Short descriptive text snippets:
==*==

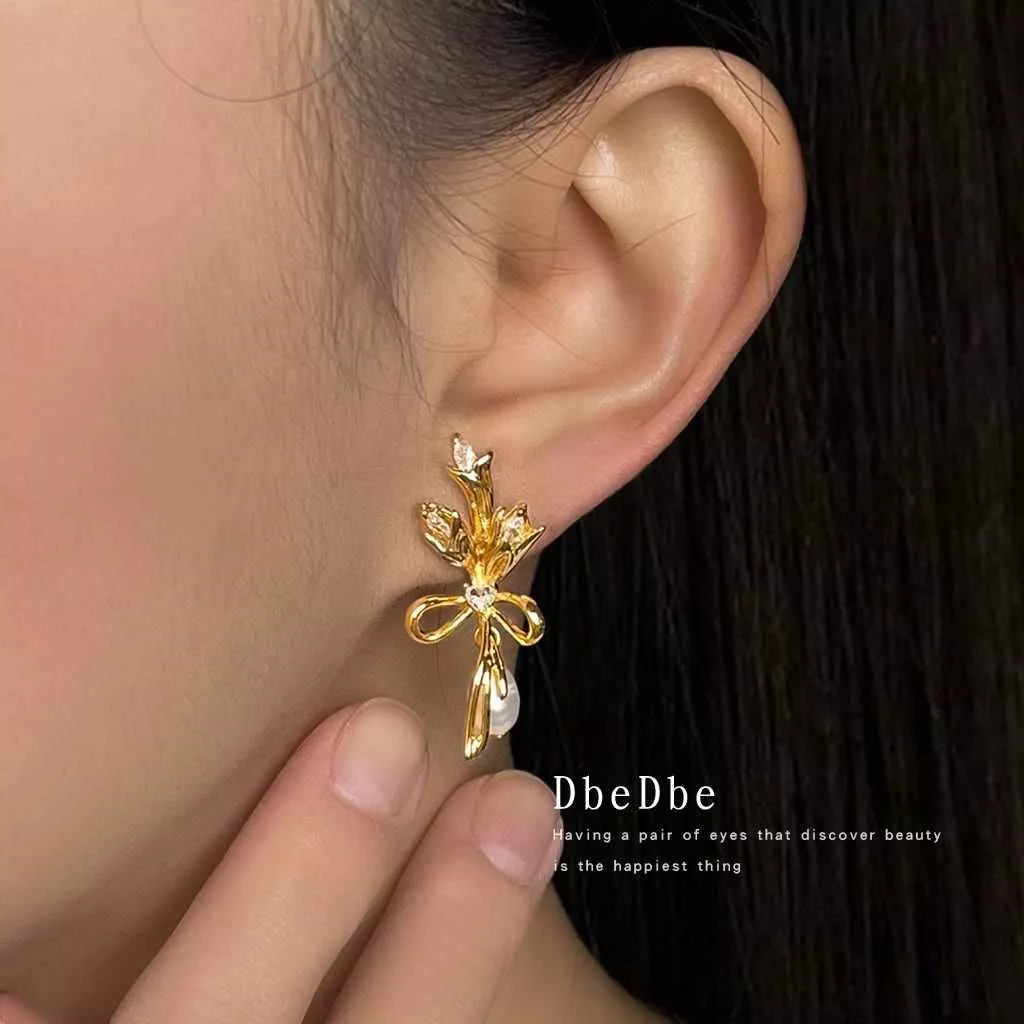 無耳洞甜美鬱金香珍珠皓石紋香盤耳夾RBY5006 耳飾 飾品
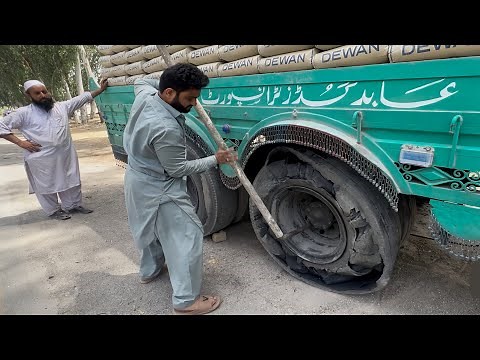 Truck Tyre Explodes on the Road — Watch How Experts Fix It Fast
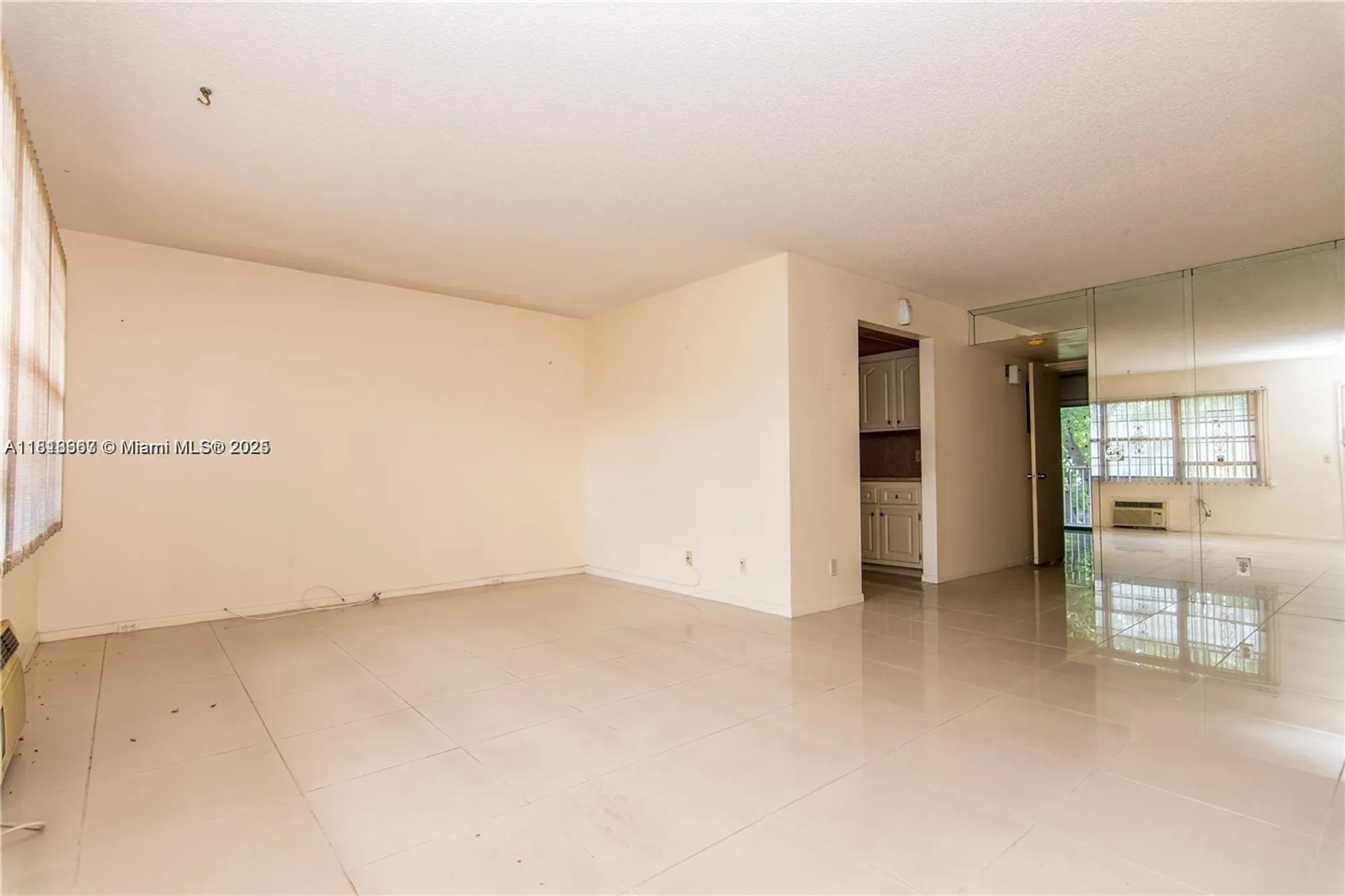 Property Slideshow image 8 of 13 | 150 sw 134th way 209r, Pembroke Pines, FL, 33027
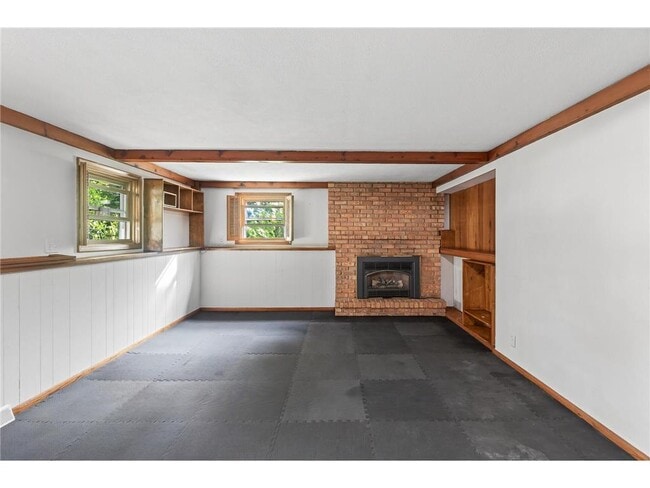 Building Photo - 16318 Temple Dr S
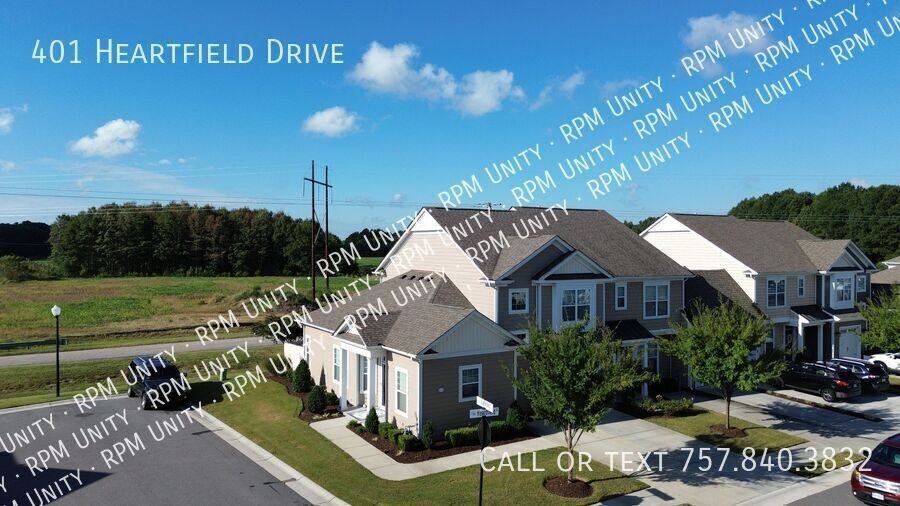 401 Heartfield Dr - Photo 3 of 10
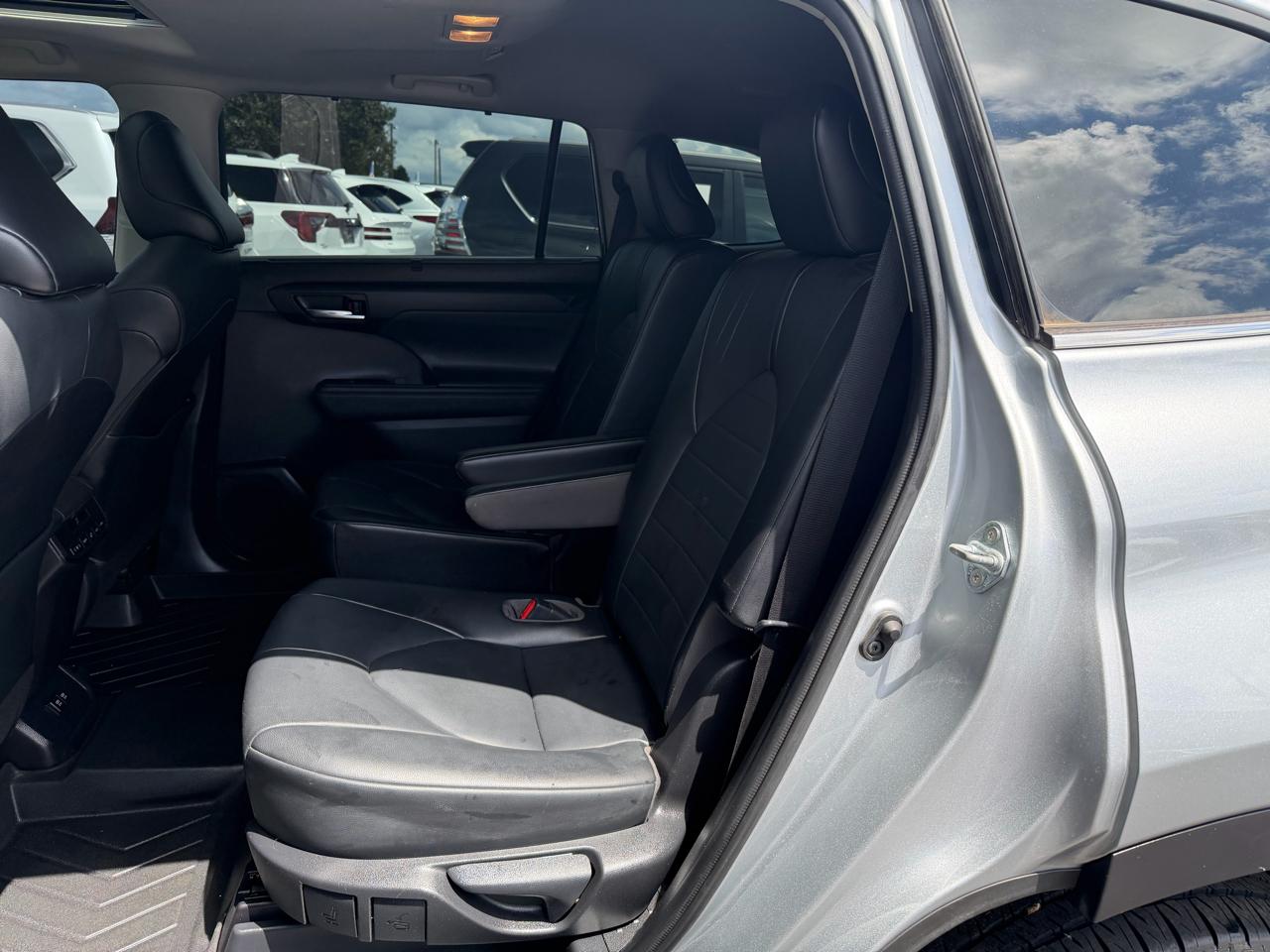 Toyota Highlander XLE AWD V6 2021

==*==

▶ [Problem details]: Copy each of the entries above precisely, and drop whatever pictures they hold.

▶ [Response to the exercise]:
 無耳洞甜美鬱金香珍珠皓石紋香盤耳夾RBY5006 耳飾 飾品
 Truck Tyre Explodes on the Road — Watch How Experts Fix It Fast
 Property Slideshow image 8 of 13 | 150 sw 134th way 209r, Pembroke Pines, FL, 33027
 Building Photo - 16318 Temple Dr S
 401 Heartfield Dr - Photo 3 of 10
 Toyota Highlander XLE AWD V6 2021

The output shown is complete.